Such interventions distort the entire structure of asset prices and penalize/tax savers. Low nominal interest rates, even at low rates of inflation, can mean negative real rates. When interest rates are held too low, asset bubbles develop and investment funds are misdirected to unproductive uses; painful economic corrections always follow.

Monetizing government debt and controlling interest rates are long failed experiments in market socialism. Of course, the core purpose of central banks is to buy government debt so that government can continue fiscal profligacy.

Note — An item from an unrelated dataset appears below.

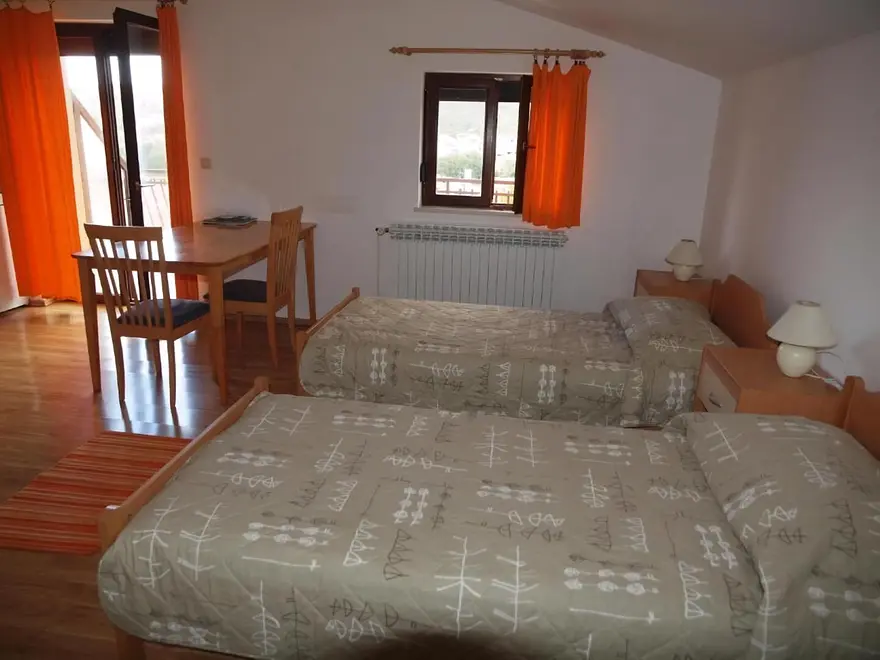 Ferienappartment in Split mit Pool 999212574 40174 – Foto 5
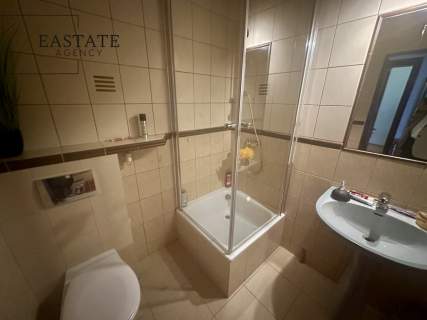 Dla studentów I 3 niezależne pokoje salon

Most economists still cling to Keynesian aggregate demand management as the miracle cure for a stagnant economy... believing central banks bureaucrats can actually stimulate real economic growth and lower unemployment by inflating the monetary base and prodding consumption. Thus, we hear that letting inflation exceed 2% could have social benefits that far outweigh the real costs, that consumption needs to be pumped up, that saving is harmful because it cuts aggregate demand, and that artificially low interest rates stimulate investment. Following Keynesian doctrine leads to economic decline... as should be obvious in observing the current U.S. and world economy.

Klausner - Can you identify these asset bubbles that are developing for me so I can become as rich as you by shorting them when they pop?

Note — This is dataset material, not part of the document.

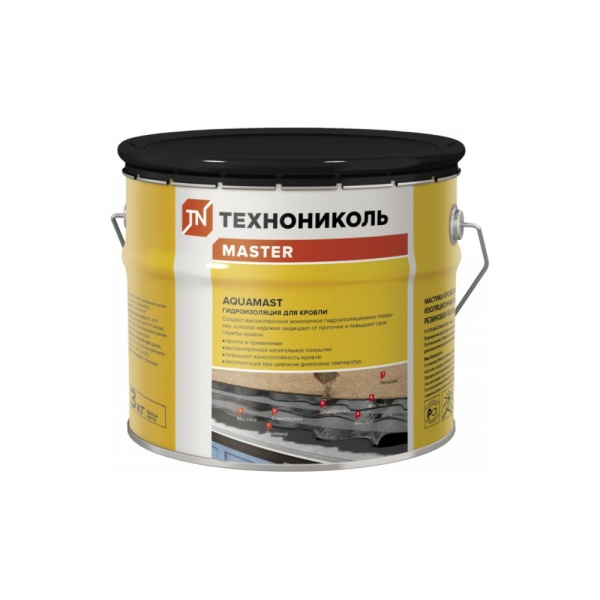https://cdn.vseinstrumenti.ru/images/goods/1789433/1000x1000/53417066.jpg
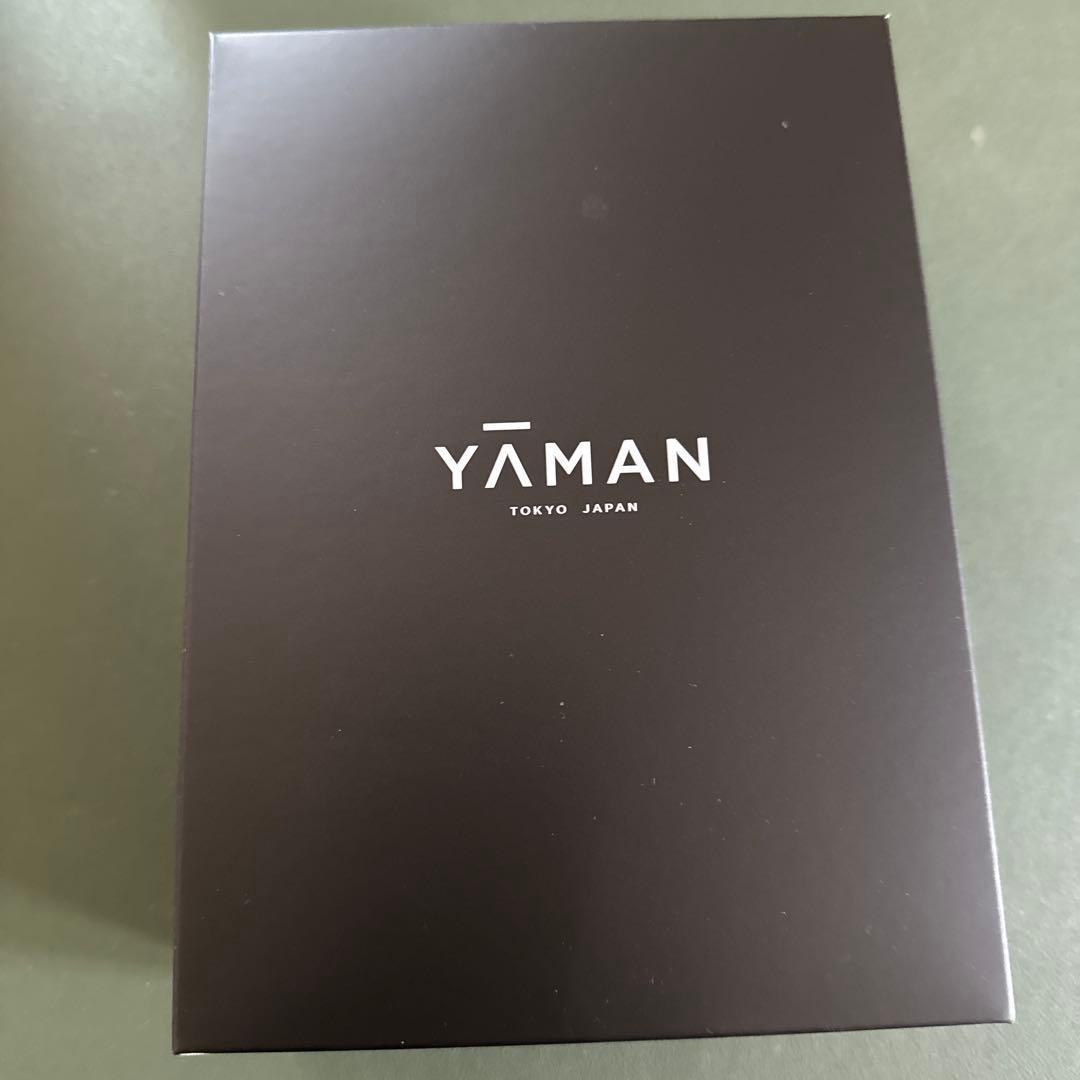 YAMAN WAVY ニードルリフトポインター SP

But given you believe that bubbles are caused by too low interest rates, you must also believe the corollary, that economies can be depressed by too high interest rates. I mean this statement is just the mirror image of the first surely. In which case we are in agreement that the Fed has a role in managing the economy, since they set interest rates. So given we both acknowledge the role of the Fed now we need to decide on a target for the Fed. You suggest that inflation above 2% is not desirable, I agree with that, so I guess we can set the Fed the target of 2%. Or do I misunderstand you?

It is a fluid model, and the new money enters the system and is distributed unevenly in millions of complex transactions so the effects quickly become untraceable. We only know where the unsustainable activity was after its liquidation.

Having said that, I was skeptical of positive rates of return on bundled mortgages including $500K fixer-uppers in East LA. And some fund managers made a killing betting against their own clients' money in MBS's.

Some others to watch: derivatives on bundled auto/pawn-title loans (yes, they exist); student loans to students who have no business going to college; Canadian real estate. Of course, if your country's central bank is going to be the ultimate buyer of last resort, then you might want to dive in.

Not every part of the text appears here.